Indian auto cos shed 3,50,000 jobs in their worst ever crash

Industry leaders ask FM for stimulus package, including GST reduction on vehicles;

Update: 2019-08-07 16:47 GMT

NEW DELHI: Slumping sales of cars and motorcycles are triggering massive job cuts in the auto sector, with many companies forced to shut down factories for days and axe shifts, multiple sources said, according to Reuters website. The cull has been so extensive that one senior industry source said that initial estimates suggest that automakers, parts manufacturers and dealers have laid off about 3,50,000 workers since April.

Within this previously unreported figure, car and motorcycle makers have laid off 15,000 and component manufacturers 1,00,000, with the remaining job losses at dealers, many of which have closed, the industry source said. Reuters was able to identify at least five companies that have recently cut or plan to cut hundreds of jobs, mainly from their temporary labour force.
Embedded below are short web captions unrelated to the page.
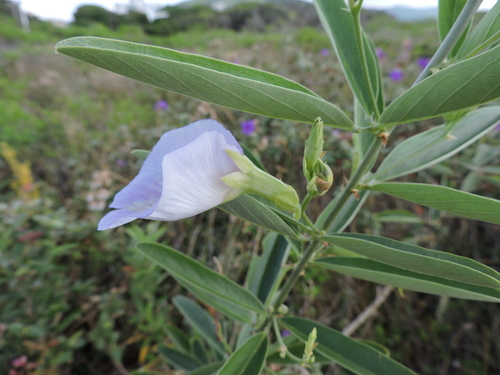 Image of Clitoria laurifolia by (c) Fabrício Mil Homens Riella, some rights reserved (CC BY)
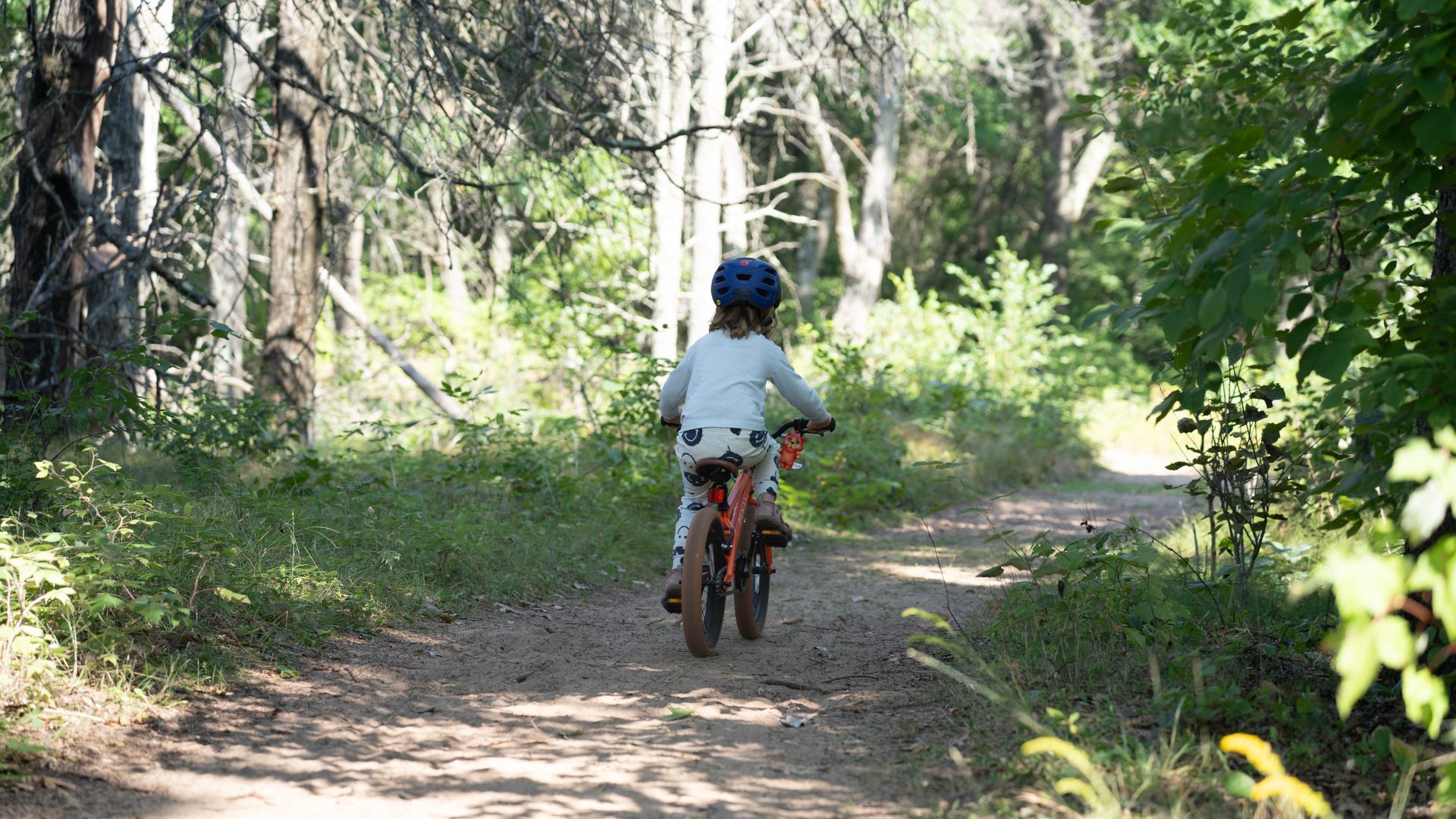 A young boy is riding a bike down a dirt path in the woods.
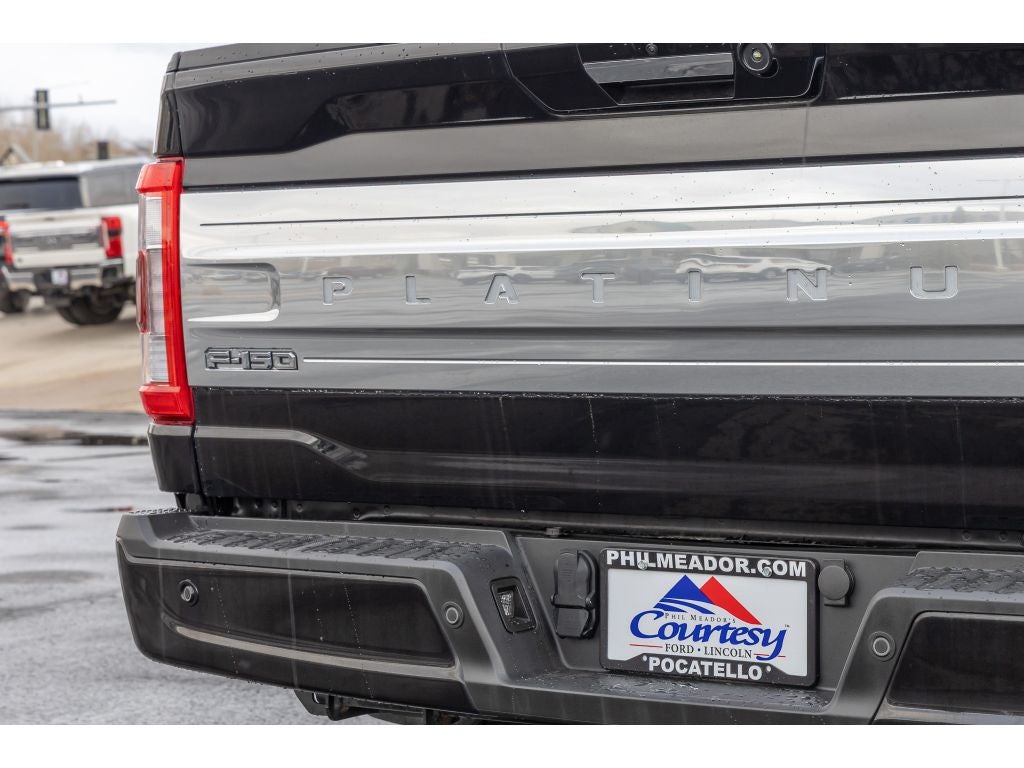 2022 Ford F-150 Platinum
The downturn — regarded by industry executives as the worst suffered by the auto industry — is posing a big challenge for Prime Minister Narendra Modi's government, the Reuters report said.

Auto industry leaders on Wednesday asked the government for a stimulus package, including GST reduction on vehicles, for the sector which has been hit by an unprecedented slump in sales. In a meeting with Finance Minister Nirmala Sitharaman, industry leaders, including Maruti Suzuki Chairman R C Bhargava, M&M President (Automotive Sector) Rajan Wadhera, who is also president of SIAM, along with representatives from components sector body ACMA and dealers body FADA drew attention to the challenges, including job losses, faced by the industry.
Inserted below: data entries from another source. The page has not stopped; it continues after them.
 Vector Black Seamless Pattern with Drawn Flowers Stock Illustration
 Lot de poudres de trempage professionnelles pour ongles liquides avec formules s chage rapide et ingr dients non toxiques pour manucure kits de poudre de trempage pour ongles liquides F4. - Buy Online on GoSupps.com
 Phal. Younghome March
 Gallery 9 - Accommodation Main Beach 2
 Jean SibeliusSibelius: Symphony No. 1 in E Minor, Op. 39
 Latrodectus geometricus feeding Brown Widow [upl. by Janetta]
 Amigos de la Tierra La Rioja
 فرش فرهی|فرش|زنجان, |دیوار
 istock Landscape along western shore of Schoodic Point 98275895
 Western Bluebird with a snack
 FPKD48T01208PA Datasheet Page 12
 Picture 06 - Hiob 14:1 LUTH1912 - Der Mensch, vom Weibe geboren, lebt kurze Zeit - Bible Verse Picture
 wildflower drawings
"Yes, we have asked for certain enablers for the auto industry and they have thought on it. I am very hopeful that there will be a stimulus package (for the auto industry) coming soon," Society of Indian Automobile Manufacturers (SIAM) President Rajan Wadhera told PTI.

The government wanted to understand from the industry about reasons for the slump in demand and possible solutions to the issue, he said, adding that the heavy industries ministry was supportive.

During the meeting, the auto industry broadly presented factors such as issues regarding availability and affordability of financing, increasing cost of acquisition of vehicles and change in axle load capacity for commercial vehicles that have hurt demand, he said.

Terming the meeting as "only consultative process", Finance Secretary Rajiv Kumar said, "We have heard them. We are compiling (demands from the auto industry) and we will look at it."

Speaking to reporters after the meeting, Kumar said the RBI rate cuts are very positive and "now it is for the banks to pass on these rate cuts".

Heavy Industries Minister Arvind Sawant also said the government listened to the auto sector's concerns and assured that it will look into their concerns. Wadhera said the auto industry also reiterated that the pending notification on increase in vehicle registration fees should not happen as the sector is already reeling under stress of low demand.

Besides, the government was also apprised of job losses in the sector following the market slump. Commenting on the availability and affordability of finance, Wadhera said: "Immediate measures are needed to reduce finance cost. We told them (government) that banks should be directed to pass on the repo rate cuts to the market."